Daniela Chirici will Eltern mit ADHS-betroffenen Kindern helfen

Daniela Chirici ist Mutter eines von ADHS betroffenen Sohnes, den sie seit 20 Jahre nach Kräften unterstützt. Bild zVg.

Im vergangenen Jahr konnte man in den Medien lesen, dass die Zahl der Kinder mit ADHS (Aufmerksamkeitsdefizit/Hyperaktivitäts-Störung) nach dem Lockdown stark zugenommen hat. Was das Leben mit einem betroffenen Kind bedeutet, hat Daniela Chirici aus Root mit ihrem älteren Sohn Kilian hautnah erlebt. Um aufzuklären, vor allem aber um anderen Müttern oder Familien zu helfen und ihnen Mut zu machen, hat sie ihre Erfahrungen in einem Buch festgehalten, das es sogar bis an die Frankfurter Buchmesse geschafft hat.
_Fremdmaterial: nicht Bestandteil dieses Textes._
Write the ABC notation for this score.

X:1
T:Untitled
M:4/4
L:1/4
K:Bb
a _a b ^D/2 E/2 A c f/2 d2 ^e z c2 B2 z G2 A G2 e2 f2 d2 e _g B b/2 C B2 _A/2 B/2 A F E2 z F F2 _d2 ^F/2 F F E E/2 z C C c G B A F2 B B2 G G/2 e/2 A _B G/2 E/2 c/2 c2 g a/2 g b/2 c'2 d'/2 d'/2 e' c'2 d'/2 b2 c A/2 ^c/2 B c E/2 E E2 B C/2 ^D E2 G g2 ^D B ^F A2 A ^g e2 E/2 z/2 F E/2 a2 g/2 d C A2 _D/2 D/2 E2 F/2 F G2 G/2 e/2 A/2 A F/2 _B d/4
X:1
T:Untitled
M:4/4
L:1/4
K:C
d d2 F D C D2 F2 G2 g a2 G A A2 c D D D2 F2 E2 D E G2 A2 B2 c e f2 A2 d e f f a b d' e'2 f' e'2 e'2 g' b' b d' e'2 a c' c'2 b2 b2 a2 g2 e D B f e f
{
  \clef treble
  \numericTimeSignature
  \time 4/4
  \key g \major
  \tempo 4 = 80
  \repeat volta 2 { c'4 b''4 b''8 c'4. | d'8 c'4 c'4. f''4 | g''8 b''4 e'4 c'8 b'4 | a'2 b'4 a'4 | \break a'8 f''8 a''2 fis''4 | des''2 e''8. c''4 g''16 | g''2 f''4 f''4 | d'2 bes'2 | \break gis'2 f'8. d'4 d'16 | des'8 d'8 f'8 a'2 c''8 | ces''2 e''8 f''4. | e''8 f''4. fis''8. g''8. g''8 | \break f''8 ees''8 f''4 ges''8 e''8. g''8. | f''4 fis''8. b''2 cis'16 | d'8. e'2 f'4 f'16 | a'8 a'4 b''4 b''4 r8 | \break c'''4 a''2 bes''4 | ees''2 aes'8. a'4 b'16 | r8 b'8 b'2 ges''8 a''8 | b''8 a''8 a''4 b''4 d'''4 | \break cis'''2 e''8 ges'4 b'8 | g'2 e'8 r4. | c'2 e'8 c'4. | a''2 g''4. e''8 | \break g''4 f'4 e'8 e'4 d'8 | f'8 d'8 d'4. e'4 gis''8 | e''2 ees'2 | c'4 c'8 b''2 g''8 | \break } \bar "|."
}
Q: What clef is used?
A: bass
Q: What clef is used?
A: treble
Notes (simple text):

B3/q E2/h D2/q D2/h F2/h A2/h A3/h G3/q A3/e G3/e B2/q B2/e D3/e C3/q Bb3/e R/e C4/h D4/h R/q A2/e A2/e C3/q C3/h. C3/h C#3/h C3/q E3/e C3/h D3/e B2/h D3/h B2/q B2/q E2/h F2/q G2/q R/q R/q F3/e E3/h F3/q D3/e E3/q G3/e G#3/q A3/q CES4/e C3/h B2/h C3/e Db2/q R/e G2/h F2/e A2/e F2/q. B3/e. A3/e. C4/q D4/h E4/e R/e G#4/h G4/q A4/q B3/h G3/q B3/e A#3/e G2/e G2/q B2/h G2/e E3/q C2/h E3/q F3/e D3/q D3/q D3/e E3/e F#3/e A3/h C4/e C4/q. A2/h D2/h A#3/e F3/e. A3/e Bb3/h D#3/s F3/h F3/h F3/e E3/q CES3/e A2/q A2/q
Schon als Kilian ein Kleinkind war, merkte Daniela Chirici, dass er anders war als andere Kinder: immer aktiv und sehr impulsiv. Sie suchte die Schuld für sein Verhalten bei sich, zweifelte an ihren erzieherischen Fähigkeiten, nicht zuletzt weil sie von ihrem Umfeld oft angegriffen wurde und sich andere Mütter von ihr abwandten. Erst im Kindergarten wurde Daniela Chirici mit der Vermutung auf ADHS bei Kilian konfrontiert und leitete die ersten Schritte ein. Es folgten umfassende Abklärungen, die den Verdacht der Kindergärtnerin schliesslich bestätigten. «Schade, dass bis dahin schon wertvolle Zeit verstrichen war», bedauert die zweifache Mutter. Sie begann, sich intensiv mit dem Thema zu befassen, und trat einer Elterngesprächsgruppe bei. «Endlich habe ich gemerkt, dass ich nicht daneben bin», stellte sie erleichtert fest, «alle kämpften mit ähnlichen Schwierigkeiten.»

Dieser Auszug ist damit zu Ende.